Jamal Brown | Photo: whitehouse.gov
Pete Buttigieg | Photo: southbendin.gov
Biden-Harris have appointed two lesbians of color, Karine Jean-Pierre and Pili Tobar. Jean-Pierre is the first Black person and first out lesbian to hold a chief of staff role for a vice-presidential nominee. She will be principal Deputy Press Secretary for the Biden administration. Tobar, a veteran of the immigration reform group America’s Voice, will be Deputy White House Communications Director.
Pili Tobar | Photo: buildbackbetter.gov
Karine Jean-Pierre | Photo: Twitter
Barbara Simon, head of GLAAD’s news and campaigns department, said in a statement that “including queer women of color in the history-making, all-female communications team shows a commitment to a White House where all are welcome at the table.”
Carlos Elizondo, a gay man, will be White House Social Secretary.
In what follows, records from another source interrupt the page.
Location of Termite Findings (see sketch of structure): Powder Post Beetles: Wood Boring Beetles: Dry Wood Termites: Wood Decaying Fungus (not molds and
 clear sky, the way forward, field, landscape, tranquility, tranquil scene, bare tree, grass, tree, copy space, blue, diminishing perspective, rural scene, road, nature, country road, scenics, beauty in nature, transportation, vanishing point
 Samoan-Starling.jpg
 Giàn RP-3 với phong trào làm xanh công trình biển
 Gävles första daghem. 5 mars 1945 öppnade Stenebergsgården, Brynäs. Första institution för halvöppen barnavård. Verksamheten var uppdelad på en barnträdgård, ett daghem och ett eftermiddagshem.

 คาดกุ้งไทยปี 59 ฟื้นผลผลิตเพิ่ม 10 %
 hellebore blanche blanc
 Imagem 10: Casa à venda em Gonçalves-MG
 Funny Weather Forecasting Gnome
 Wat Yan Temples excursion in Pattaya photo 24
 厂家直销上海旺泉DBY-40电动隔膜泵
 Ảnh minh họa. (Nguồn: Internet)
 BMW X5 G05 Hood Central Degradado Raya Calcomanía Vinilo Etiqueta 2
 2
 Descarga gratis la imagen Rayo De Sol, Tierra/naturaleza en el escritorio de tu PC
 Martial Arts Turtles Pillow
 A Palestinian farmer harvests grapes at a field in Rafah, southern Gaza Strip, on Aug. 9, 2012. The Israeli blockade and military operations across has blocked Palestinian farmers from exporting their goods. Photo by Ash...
Elizondo will oversee all aspects of official social events in the President’s official residence. Elizondo previously served for both terms of the Obama-Biden administration as Special Assistant to the President as well as Social Secretary to the Vice President and Dr. Jill Biden. Elizondo also served in both the White House and the Office of the U.S. Chief of Protocol.
Randi Weingarten, an out lesbian who is president of the American Federation of Teachers and the former president of the United Federation of Teachers, is being considered for Secretary of Education. She would replace Betsy DeVos, who has been incalculably dangerous for LGBTQ students and women college students who have experienced sexual assault on campus.
Randi Weingarten | Photo: American Federation of Teachers
These new appointees are people who will be ready on day one to begin rebuilding what Trump has broken. The choices Biden and Harris have made signal representation at every level of the new administration and a commitment to rebuilding the trust that has been broken with so many communities, including our own.